Quienes no conocen mucho de la cuestión pueden relacionar la crisis universitaria con la general o suponer que nos estamos referiendo exclusivamente a los grupos de jóvenes "radicales" que se enfrentan a la policía cubiertos sus rostros con pasamontañas gritando No a Bolonia o la mercantilización de la Universidad.
Tiene, desgraciadamente, poco que ver. La necesidad de un debate abierto sobre la función actual de la Universidad en la sociedad y las protestas de jóvenes con energía básicamente destructiva son cosas diferentes. Y, desde luego, el proceso de integración europea en el terreno universitario al que nos están conduciendo los pactos boloñeses, tiene muy escasa relación con lo que se interpreta como causa fundamental de la protesta.
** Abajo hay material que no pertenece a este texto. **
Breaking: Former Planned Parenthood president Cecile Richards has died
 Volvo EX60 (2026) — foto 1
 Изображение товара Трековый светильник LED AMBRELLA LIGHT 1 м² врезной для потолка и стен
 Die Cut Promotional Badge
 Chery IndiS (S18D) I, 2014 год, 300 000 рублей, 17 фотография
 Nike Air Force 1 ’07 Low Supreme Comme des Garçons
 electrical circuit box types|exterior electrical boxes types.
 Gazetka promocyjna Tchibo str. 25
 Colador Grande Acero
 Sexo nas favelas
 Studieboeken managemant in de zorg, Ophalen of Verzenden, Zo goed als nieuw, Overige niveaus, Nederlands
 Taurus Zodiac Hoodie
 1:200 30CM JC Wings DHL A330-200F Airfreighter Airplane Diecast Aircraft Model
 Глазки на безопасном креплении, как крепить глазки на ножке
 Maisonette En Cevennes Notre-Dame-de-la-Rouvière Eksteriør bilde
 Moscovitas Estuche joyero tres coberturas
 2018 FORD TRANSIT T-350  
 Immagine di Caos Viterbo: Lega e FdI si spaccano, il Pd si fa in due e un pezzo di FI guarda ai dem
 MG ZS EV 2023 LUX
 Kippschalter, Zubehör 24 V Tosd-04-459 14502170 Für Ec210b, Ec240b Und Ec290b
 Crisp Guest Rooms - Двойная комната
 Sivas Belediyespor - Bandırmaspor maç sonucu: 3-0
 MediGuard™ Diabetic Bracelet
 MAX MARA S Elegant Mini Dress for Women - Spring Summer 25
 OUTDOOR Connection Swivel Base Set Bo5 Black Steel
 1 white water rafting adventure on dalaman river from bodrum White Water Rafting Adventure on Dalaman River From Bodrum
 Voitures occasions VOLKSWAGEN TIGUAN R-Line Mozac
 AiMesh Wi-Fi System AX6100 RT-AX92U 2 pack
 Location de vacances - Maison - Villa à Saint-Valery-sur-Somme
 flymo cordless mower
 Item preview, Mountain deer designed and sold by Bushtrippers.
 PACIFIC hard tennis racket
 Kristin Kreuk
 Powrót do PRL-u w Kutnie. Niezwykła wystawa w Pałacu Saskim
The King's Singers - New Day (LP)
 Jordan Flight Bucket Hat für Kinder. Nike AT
El sistema universitario español está concebido desde la permisividad, un mal tremendo tratándose de un proceso educativo, que se ha asociado con la desmembración del Estado central en autonomías y ha contado con un aliado nefasto en el concepto de libertad de cátedra y en la propia autonomía universitaria.
Pero, con ser grave la culpabilidad universitaria, las bases de su actual desorden están en la enseñanza general básica, que no enseña, no motiva, no selecciona y ha permitido que los colegios y escuelas se conviertan en centros de indisciplina y distribución de drogas.
Profundizando aún más, esa falta de autoridad en las instancias académicas tiene su origen, a su vez, en la ruptura del concepto de familia y la dejación práctica de la tutela parental sobre la educación de los niños, que los padres, trabajando ambos, han confiado en los centros de enseñanza, desacreditando paralelamente la autoridad del profesorado.
Tenemos más de 70 Universidades en España, que conceden más de 3.000 títulos. Cada año, son egresados casi 200.000 alumnos, con su título en ristre. La enseñanza impartida es dispar, la dedicación del profesorado, errática, la motivación de los docentes, escasa. Hay asignaturas que tienen tres alumnos y otras aulas, totalmente masificadas. Es necesario aprobar un número elevado de alumnos -sepan o no sepan-, porque el salario del docente depende en parte de la puntuación que le den los propios discentes.
Muchos universitarios no saben redactar correctamente, cometen imperdonables faltas de ortografía, carecen de educación formal, tienen lagunas dramáticas en su formación. ¿Cuántos son? Exactamente, ni se sabe. Pero basta darse una vuelta por las aulas, preguntar a suficientes profesores, para deducir que los desniveles entre el alumnado son terribles. Frente a jóvenes magníficamente concienciados, estudiosos, inteligentes, serenos, pulula una mayoría de disconformes sistemáticos, incultos, vagos, maleducados y desorientados.
La Universidad tiene que conectarse urgentemente con la sociedad. Dejémosnos de paparruchas. Está muy bien concebirla como un pozo de ciencia y sabiduría, pero no lo es. Sirve, sobre todo, para cualificar a futuros profesionales para que rindan un servicio a la sociedad, desde su consideración de élite cultural y técnica. No es una máquina generadora de títulos. No es una guardería. No es alternativa al servicio militar para dilatar la aparición de los jóvenes en las cifras del paro. No es un remedio para la falta de educación básica. No es un reducto de paz para funcionarios sin ambiciones.
España necesita una Universidad de alto nivel, en profesores, en alumnos, en equipamiento. Hace falta, claro, dinero, para ello. Pero, sobre todo, hay que revisar, desde la crítica constructiva, sus postulados. Por fortuna, subsisten algunos ejemplos de buenas Universidades en España. Analicemos por qué funcionan bien y copiemos el modelo.